# Can anyone help please? I can't figure out which way to hook everything up



## coderguy (Jan 10, 2011)

You could just run the red/white/yellow (left, right, video) from most components to the Denon and then the Denon's red/white/yellow output to the tv's av input.

That Denon is pretty aged; did you get it on Woot?

You aren't going to get any real surround sound with that Denon; I love them and have a Denon myself; but the AVR-2000 is basically an av (red/white/yellow) hub. I don't remember if it even supports video switching; so my whole post may be wrong.
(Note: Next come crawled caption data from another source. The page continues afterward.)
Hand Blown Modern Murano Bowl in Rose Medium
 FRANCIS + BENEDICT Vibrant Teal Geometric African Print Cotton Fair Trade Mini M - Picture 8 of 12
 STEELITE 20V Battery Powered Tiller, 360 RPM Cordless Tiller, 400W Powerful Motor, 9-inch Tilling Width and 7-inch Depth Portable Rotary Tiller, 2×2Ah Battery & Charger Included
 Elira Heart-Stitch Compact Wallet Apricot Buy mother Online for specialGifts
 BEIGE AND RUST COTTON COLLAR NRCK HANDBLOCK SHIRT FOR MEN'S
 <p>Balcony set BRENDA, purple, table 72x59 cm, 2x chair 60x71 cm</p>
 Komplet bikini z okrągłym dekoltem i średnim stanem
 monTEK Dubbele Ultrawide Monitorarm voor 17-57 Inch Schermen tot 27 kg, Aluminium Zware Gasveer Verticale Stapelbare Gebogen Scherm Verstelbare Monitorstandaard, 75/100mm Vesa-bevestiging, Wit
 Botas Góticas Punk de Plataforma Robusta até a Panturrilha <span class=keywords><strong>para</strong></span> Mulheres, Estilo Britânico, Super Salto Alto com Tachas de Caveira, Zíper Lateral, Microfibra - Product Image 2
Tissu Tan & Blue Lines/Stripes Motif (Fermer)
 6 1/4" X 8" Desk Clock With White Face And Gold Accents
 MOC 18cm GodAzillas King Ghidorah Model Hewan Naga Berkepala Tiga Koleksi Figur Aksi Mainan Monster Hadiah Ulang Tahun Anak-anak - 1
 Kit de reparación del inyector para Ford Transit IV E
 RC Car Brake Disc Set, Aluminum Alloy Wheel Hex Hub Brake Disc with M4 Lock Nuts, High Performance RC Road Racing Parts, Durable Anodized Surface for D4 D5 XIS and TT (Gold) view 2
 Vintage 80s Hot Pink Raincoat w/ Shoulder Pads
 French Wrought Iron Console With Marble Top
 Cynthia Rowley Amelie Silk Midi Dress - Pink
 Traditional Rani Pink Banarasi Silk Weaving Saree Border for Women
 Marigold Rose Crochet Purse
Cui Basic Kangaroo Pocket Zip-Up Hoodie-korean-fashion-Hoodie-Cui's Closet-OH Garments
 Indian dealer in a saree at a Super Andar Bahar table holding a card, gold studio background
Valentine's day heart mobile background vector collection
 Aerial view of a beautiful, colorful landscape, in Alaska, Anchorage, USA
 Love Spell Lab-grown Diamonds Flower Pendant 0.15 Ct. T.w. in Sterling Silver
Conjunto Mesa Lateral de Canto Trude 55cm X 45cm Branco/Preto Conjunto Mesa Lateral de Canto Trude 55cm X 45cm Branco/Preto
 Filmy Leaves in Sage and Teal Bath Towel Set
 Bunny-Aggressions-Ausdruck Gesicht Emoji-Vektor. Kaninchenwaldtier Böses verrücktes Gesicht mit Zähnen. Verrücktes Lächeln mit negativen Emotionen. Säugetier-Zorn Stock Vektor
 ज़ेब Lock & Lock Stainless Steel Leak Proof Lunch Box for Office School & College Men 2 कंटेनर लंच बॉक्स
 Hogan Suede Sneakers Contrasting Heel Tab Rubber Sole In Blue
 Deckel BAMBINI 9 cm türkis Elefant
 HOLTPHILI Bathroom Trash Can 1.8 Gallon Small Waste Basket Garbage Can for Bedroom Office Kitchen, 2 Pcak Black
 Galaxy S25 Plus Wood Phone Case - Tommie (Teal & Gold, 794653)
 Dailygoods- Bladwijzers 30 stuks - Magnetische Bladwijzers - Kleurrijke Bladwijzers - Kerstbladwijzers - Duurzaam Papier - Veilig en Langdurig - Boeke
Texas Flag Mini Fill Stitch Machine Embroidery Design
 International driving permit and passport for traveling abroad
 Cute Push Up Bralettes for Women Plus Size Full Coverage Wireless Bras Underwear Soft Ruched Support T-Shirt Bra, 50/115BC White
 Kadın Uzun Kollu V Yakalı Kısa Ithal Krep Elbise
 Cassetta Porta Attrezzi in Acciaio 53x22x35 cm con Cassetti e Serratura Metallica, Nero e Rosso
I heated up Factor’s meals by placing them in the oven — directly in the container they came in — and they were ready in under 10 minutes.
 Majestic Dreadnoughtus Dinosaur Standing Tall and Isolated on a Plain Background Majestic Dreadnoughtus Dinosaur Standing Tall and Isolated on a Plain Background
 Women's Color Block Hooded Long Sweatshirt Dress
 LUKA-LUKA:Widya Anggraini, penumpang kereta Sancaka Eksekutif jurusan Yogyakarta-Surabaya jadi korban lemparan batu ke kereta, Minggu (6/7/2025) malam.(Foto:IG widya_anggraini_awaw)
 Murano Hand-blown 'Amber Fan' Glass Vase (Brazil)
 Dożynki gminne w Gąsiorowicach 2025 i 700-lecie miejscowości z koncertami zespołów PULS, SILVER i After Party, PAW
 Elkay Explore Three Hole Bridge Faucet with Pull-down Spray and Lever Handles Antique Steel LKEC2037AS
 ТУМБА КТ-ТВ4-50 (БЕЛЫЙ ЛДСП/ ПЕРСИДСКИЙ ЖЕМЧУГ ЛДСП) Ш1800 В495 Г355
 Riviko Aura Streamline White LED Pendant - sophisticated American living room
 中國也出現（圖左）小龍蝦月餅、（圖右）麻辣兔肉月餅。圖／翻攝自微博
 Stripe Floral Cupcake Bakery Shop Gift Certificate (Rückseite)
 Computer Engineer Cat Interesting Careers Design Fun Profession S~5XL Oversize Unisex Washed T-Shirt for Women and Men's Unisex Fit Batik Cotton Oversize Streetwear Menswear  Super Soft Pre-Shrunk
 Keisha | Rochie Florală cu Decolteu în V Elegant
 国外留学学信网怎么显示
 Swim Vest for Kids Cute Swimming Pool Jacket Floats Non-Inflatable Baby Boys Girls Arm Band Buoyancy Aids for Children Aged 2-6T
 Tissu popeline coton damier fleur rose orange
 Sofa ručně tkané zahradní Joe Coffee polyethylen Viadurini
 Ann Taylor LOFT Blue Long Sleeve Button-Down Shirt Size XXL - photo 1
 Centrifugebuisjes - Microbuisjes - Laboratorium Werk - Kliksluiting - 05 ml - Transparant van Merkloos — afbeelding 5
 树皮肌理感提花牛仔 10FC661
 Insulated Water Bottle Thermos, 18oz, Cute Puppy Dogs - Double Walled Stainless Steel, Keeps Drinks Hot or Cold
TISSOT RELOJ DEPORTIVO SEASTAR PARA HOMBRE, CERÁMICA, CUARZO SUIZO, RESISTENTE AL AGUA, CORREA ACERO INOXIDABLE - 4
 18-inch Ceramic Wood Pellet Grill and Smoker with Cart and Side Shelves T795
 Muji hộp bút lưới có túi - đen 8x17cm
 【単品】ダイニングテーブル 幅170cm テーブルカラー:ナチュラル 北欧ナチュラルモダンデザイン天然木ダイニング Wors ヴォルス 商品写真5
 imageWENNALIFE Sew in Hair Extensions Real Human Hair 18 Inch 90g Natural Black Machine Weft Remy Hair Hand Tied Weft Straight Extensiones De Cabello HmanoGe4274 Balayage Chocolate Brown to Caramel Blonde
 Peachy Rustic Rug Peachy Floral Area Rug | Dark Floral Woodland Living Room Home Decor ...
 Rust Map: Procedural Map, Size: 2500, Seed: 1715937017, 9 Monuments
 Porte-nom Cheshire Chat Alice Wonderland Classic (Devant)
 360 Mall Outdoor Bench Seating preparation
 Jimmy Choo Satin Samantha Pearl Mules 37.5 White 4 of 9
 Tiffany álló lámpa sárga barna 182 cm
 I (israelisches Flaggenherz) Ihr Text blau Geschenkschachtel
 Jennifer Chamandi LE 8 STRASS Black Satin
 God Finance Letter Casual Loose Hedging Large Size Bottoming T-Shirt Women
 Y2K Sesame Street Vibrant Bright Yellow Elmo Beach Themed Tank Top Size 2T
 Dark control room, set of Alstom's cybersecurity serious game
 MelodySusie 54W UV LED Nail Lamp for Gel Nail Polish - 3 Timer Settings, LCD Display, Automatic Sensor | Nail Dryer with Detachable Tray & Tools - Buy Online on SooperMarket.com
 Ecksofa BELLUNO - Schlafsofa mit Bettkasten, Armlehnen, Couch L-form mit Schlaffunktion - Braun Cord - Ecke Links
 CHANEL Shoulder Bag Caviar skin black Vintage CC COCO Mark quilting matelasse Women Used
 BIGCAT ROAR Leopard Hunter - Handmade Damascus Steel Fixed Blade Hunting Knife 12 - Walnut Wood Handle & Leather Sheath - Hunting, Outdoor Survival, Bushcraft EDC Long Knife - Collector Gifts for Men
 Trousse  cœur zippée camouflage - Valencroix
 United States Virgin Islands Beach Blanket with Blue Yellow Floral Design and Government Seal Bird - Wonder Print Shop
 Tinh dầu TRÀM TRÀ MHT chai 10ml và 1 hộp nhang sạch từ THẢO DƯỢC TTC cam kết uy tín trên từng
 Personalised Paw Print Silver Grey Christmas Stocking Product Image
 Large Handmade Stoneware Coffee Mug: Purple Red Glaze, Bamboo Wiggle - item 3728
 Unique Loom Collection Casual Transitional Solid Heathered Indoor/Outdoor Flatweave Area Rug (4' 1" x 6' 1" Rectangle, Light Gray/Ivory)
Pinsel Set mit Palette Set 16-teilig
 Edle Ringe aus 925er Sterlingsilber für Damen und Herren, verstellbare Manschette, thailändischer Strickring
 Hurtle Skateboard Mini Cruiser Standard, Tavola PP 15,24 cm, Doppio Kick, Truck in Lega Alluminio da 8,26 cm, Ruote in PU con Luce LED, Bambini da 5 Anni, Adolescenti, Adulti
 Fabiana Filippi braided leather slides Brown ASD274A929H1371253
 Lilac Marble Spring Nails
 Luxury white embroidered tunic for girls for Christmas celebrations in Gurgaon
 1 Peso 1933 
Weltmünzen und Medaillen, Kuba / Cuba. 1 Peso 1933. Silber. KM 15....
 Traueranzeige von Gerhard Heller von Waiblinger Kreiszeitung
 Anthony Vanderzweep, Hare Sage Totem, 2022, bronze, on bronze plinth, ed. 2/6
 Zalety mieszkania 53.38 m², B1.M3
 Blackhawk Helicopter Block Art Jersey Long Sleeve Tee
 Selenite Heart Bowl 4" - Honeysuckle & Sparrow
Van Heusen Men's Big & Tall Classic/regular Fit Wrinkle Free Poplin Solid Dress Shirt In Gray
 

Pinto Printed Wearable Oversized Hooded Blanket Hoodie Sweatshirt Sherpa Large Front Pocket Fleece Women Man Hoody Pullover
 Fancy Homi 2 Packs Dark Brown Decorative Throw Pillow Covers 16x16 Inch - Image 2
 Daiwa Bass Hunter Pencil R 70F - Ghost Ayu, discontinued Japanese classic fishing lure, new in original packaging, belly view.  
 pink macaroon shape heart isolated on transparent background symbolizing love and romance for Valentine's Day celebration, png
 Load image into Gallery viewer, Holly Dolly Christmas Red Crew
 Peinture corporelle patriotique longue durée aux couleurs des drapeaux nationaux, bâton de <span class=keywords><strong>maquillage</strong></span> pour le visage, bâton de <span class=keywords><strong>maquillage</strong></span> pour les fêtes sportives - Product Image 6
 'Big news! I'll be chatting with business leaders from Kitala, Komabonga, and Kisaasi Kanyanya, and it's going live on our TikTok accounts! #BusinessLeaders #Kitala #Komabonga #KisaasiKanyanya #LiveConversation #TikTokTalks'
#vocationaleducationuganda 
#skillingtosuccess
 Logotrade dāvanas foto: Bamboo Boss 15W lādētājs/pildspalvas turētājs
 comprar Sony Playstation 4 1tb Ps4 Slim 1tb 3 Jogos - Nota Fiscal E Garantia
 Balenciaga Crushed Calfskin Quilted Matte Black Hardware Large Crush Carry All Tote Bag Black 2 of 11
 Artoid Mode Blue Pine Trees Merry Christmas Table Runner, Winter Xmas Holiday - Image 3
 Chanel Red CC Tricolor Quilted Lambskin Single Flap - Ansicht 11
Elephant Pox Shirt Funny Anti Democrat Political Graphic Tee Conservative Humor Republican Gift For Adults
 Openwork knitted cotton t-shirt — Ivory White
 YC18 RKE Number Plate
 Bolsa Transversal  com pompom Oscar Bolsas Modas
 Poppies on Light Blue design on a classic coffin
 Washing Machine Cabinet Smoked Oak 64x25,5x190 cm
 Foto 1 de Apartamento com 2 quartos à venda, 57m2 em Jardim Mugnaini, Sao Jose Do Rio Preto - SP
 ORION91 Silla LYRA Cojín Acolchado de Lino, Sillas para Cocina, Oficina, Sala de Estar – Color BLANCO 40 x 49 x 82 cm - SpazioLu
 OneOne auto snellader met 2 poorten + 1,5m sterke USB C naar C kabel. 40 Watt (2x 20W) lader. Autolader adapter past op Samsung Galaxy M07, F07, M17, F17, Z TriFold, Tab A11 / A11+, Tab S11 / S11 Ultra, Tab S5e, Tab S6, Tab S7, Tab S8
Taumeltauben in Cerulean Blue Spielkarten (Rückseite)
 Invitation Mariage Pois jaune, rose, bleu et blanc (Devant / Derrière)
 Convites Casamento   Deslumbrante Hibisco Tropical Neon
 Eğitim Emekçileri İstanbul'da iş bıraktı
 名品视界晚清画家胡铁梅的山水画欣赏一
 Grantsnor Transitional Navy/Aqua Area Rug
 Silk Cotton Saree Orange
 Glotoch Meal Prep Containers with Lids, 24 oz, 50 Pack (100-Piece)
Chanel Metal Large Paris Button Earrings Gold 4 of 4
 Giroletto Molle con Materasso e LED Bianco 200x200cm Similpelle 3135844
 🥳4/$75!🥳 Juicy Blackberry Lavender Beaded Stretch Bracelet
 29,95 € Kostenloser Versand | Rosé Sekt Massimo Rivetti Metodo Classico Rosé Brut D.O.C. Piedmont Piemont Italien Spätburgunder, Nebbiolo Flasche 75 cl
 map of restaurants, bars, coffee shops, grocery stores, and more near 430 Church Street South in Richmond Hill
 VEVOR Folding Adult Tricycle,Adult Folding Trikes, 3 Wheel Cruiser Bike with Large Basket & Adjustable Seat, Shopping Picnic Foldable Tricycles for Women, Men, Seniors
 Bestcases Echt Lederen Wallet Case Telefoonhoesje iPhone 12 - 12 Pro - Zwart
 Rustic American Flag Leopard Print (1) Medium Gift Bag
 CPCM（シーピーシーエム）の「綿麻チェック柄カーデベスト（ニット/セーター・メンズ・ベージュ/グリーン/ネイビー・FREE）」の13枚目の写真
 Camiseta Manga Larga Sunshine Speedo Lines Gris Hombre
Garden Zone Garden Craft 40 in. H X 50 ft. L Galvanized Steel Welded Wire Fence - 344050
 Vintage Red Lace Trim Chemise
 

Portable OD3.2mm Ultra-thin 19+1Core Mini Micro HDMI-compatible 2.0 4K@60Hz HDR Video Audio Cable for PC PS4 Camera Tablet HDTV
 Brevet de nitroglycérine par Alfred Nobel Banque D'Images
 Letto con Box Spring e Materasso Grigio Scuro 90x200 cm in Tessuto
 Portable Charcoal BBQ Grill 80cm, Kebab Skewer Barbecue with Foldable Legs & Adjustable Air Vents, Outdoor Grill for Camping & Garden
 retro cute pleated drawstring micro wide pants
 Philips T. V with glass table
You may look into an AVR-1912. The most recent version even has HDMI control protocol.


----------



## Bamalove (Jun 13, 2012)

I appreciate you replying and the advice. I have a JVC RX-558V as well that I've been using before I was offered this one. The JVC receiver would never play the back speakers I could never get it to do surround sound but I very well could have hooked it up wrong. Does it have to be digital to be able to get to the rear speakers and center?


----------



## cjosey0327 (Aug 11, 2012)

To be honest man, you should update your receiver, your not going to get very good video quality off of the "yellow" wire.


----------



## AllanJ (Nov 24, 2007)

How old is this receiver?

Are those all the jacks there are, or are there some others not pictured and blue or green in color?

You will want to run all of the video cables directly to the TV. The red and white audio cables can still be connected to this receiver.


----------



## diyorpay (Sep 21, 2010)

Your receiver is not capable of passing any HD video signals.

The highest video it has is standard def S-video.

You can plug your cable box into tv using HDMI or component green/blue/red video. Plus red/white audio or a digital audio depending on tv's inputs. Some HDMI pass audio so try that first. Might be only cable you need.

Hook up DVD player to tv using component green/blue/red video. Plus red/white audio or a digital audio.

XBox with HDMI cable to tv.

CD player to receiver on red/white CD in jacks.

i-Pod to receiver on VCR2 in red/white jacks if you have the right cable.

Now, for sound, take an output from tv (TV out?) red/white. Run to VCR1 in or DAT/tape in red/white. To get surround sound out of receiver, you will be counting on quality of Dolby Pro logic and/or DSP processors to process this stereo input into surround sound. Speaker wires must be correctly wired to receiver.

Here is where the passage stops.